Supplied records START

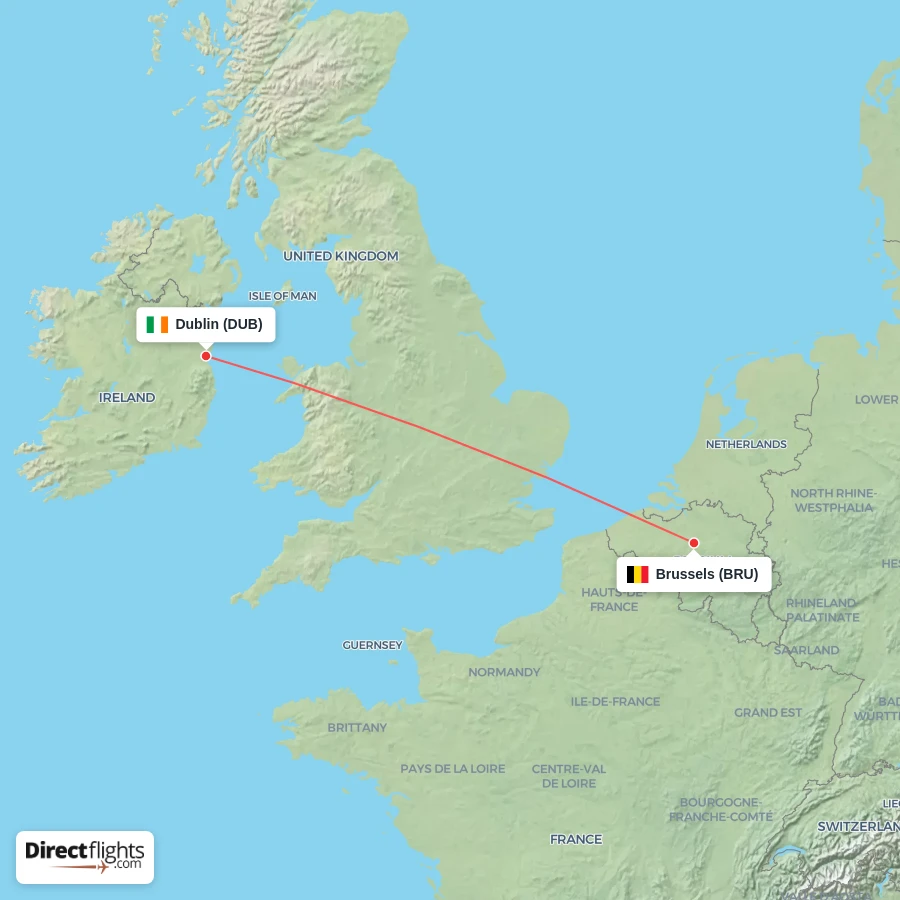 DUB - BRU route map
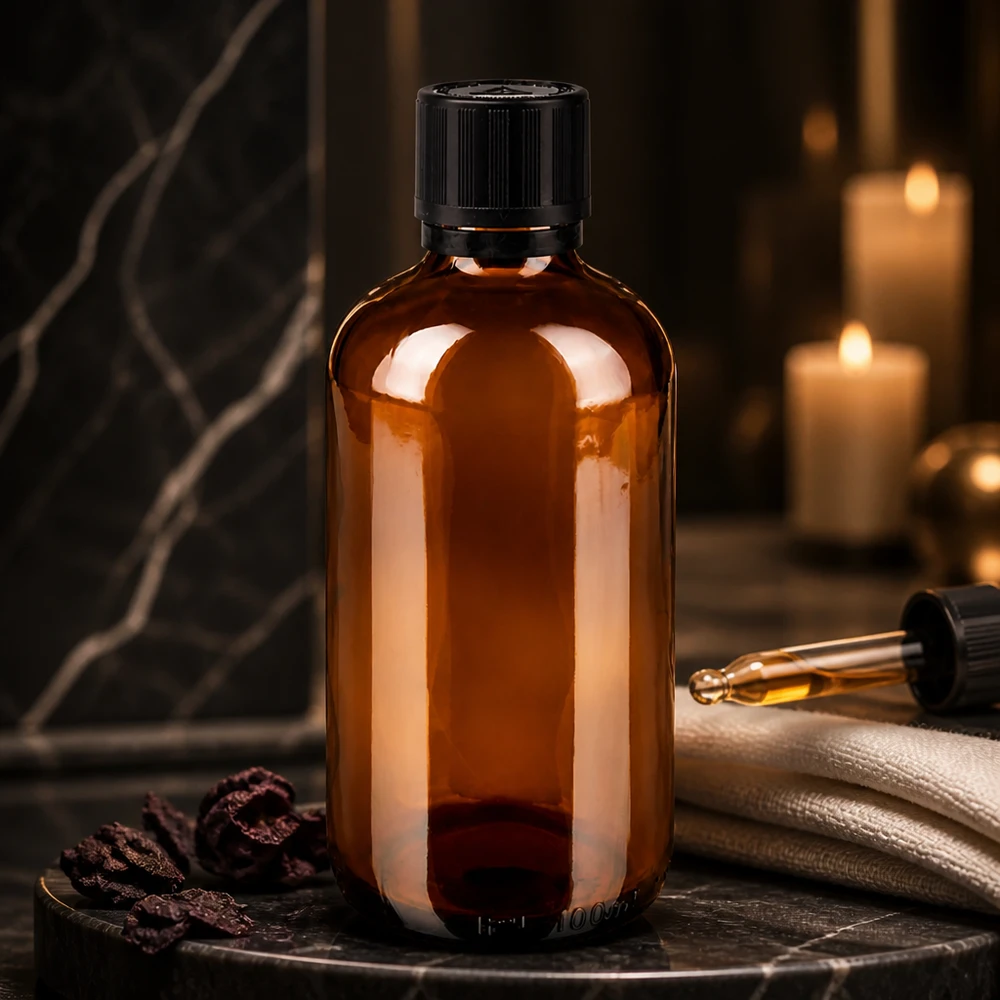 Bruine glazen fles 100ml met zwart druppelsluiting 1mm kinderslot bliw. VR Lichtbestendige apothekersfles van 100 ml met kindveilige druppeldop in spa-stijl
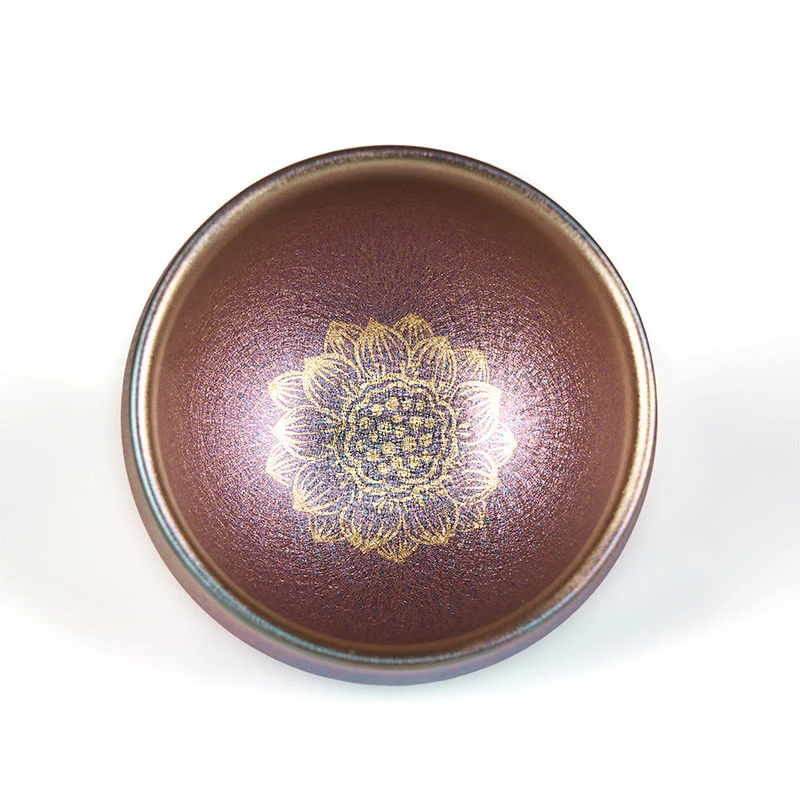 Buddha Stones ręcznie chiński Jianzhan Złoty Kwiat Lotosu Ceramiczny Filiżanka do herbaty Kung Fu 150 ml - Image 7
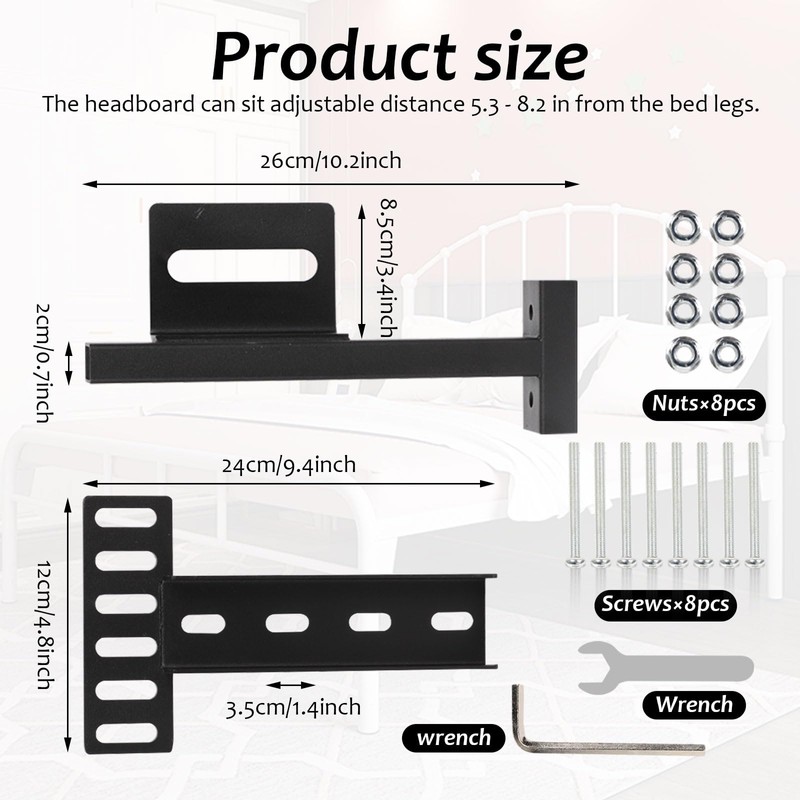 Longzhuo Universal Headboard Brackets, 2 Pack Headboard Kit for Adjustable
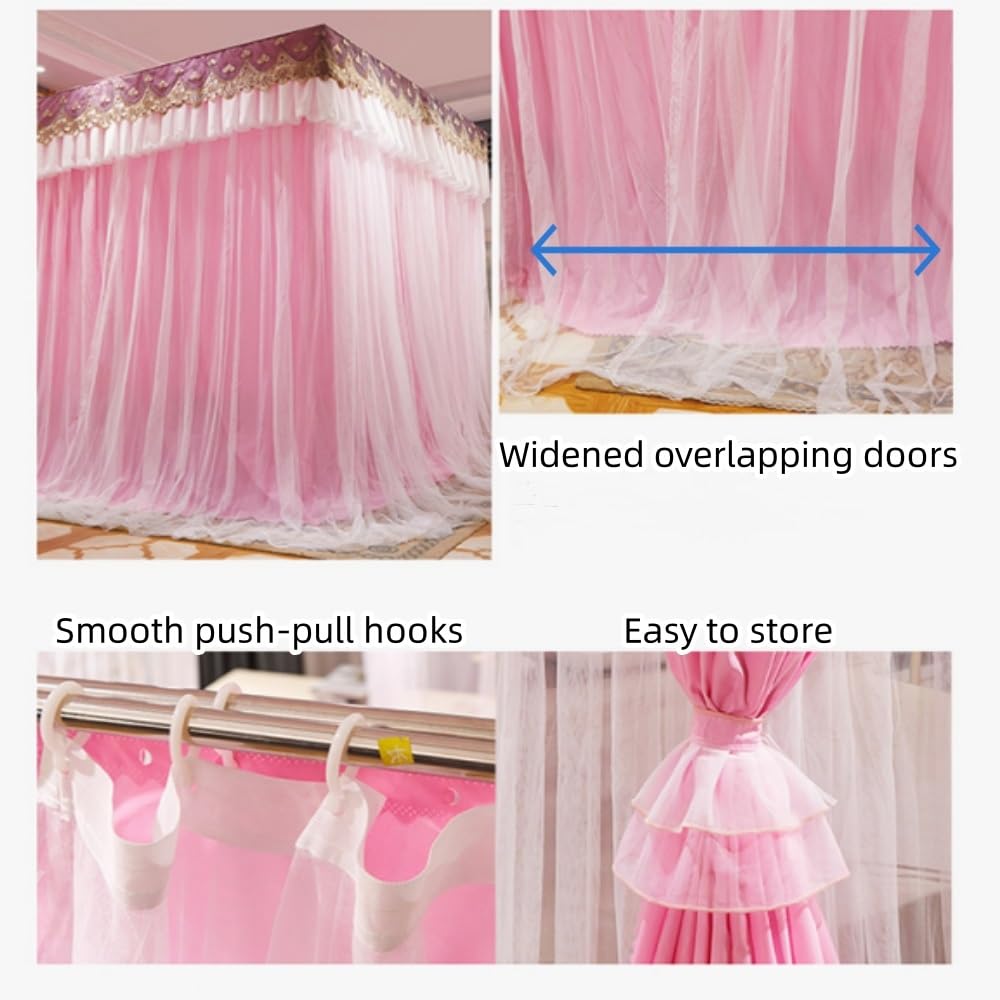 Koenqxoa Encrypted Gauze Curtain Bed Curtain, Double Crossbar Supported Floor-Standing Canopy Bed Curtain, Large-Size Suitable For Bedroom, Green, 70.8" W X 78.7" L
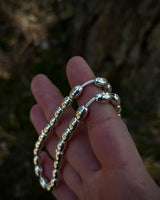 Sterling Silver Oval Prayer Beads - Handcrafted Chain Design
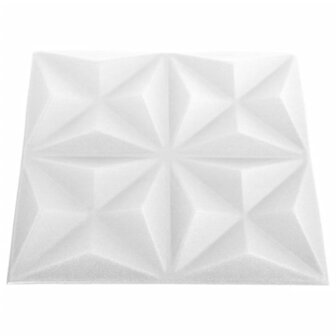 24 st Wandpanelen 3D origami 6 m&sup2; 50x50 cm wit 5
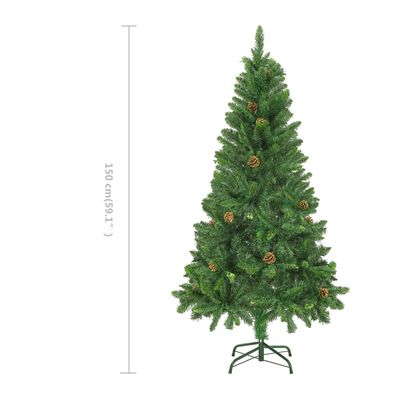 vidaXL Χριστουγεννιάτικο Δέντρο Τεχνητό Πράσινο 150 εκ. με Κουκουνάρια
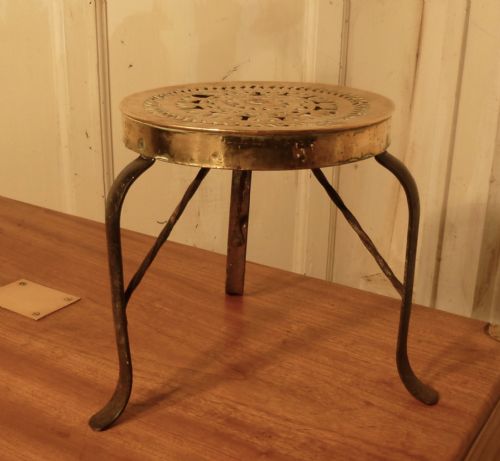 A Georgian Pierced Brass and Wrought Iron Trivet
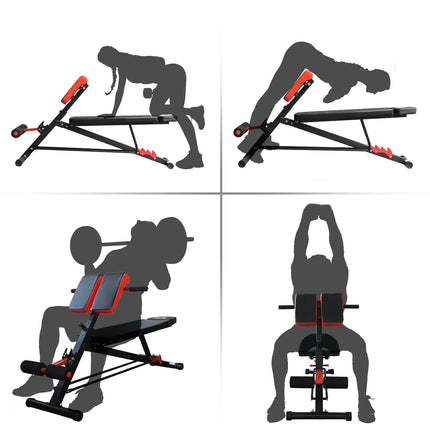 Adjustable multi-weight exercise bench, black, incline and abs trainer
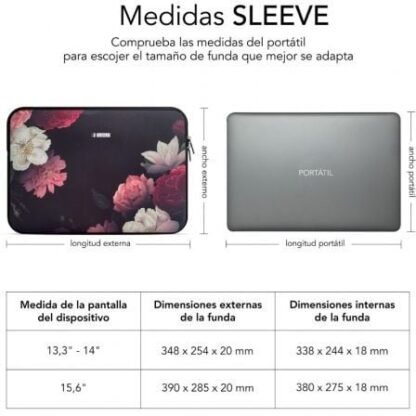Funda subblim trendy sleeve neo flowers para portátiles hasta 15.6" - Imagen 3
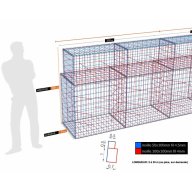 Kit gabion, 150 cm (H) x 70 cm + 50 cm, pour soutènement, assemblage spirales, mailles 5 x 10 cm, grilles non visibles mailles 10 x 10 cm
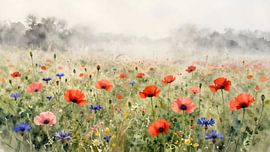 A field of poppies in the morning mist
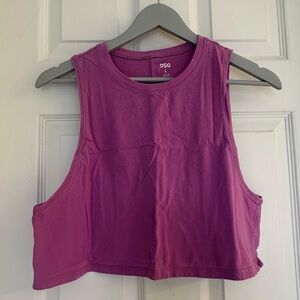 DSG Purple Cropped Muscle Tank Top Size Large | Athletic Crop Workout Top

Supplied records END

- [Your task]
Using the records above, copy exactly and only the lines from the line with "Funda subblim trendy" through the end, both included; leave every picture out.

- [Completed exercise]
Funda subblim trendy sleeve neo flowers para portátiles hasta 15.6" - Imagen 3
 Kit gabion, 150 cm (H) x 70 cm + 50 cm, pour soutènement, assemblage spirales, mailles 5 x 10 cm, grilles non visibles mailles 10 x 10 cm
 A field of poppies in the morning mist
 DSG Purple Cropped Muscle Tank Top Size Large | Athletic Crop Workout Top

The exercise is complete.